Laboratory flume experiments were conducted to investigate the response of wave ripples in fine sand to discreet changes in oscillatory flow conditions. A wide range of initial and final wave conditions was used to simulate a broad spectrum of changes in oscillatory flows that occur in natural environments. Deviations from parallel, evenly spaced ripples, called defects, appear to facilitate the adjustment of ripples that are out of equilibrium with the flow. Previous studies have identified several broad types of defects, but have typically oversimplified their role in adjusting spacings within wave-ripple fields. This study shows that previously described defects, such as terminating crests, bifurcating crests, and secondary crests, originate and evolve in a variety of different manners over time, and are thus understood based on these characteristics.
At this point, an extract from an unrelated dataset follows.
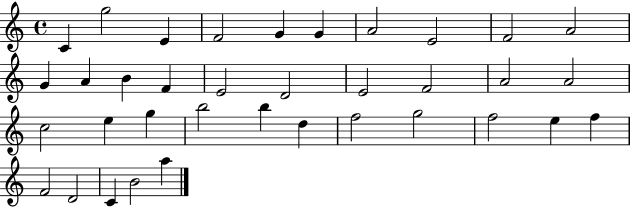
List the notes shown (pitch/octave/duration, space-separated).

C4/q G5/h E4/q F4/h G4/q G4/q A4/h E4/h F4/h A4/h G4/q A4/q B4/q F4/q E4/h D4/h E4/h F4/h A4/h A4/h C5/h E5/q G5/q B5/h B5/q D5/q F5/h G5/h F5/h E5/q F5/q F4/h D4/h C4/q B4/h A5/q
Our experiments reveal a plethora of additional defects and processes that include changes in sinuosity, edge dislocations similar to those in growing crystals, oval to circular depressions or “cups”, and more complicated configurations involving multiple crests. In some cases, defect types and interactions are spatially segregated into loosely defined domains that can govern the nature and behavior of defects in adjacent domains. Spatial differences in flow conditions along the length of the flume may have led to this variation in defect abundance and behavior, a condition likely to be the general rule in modern environments.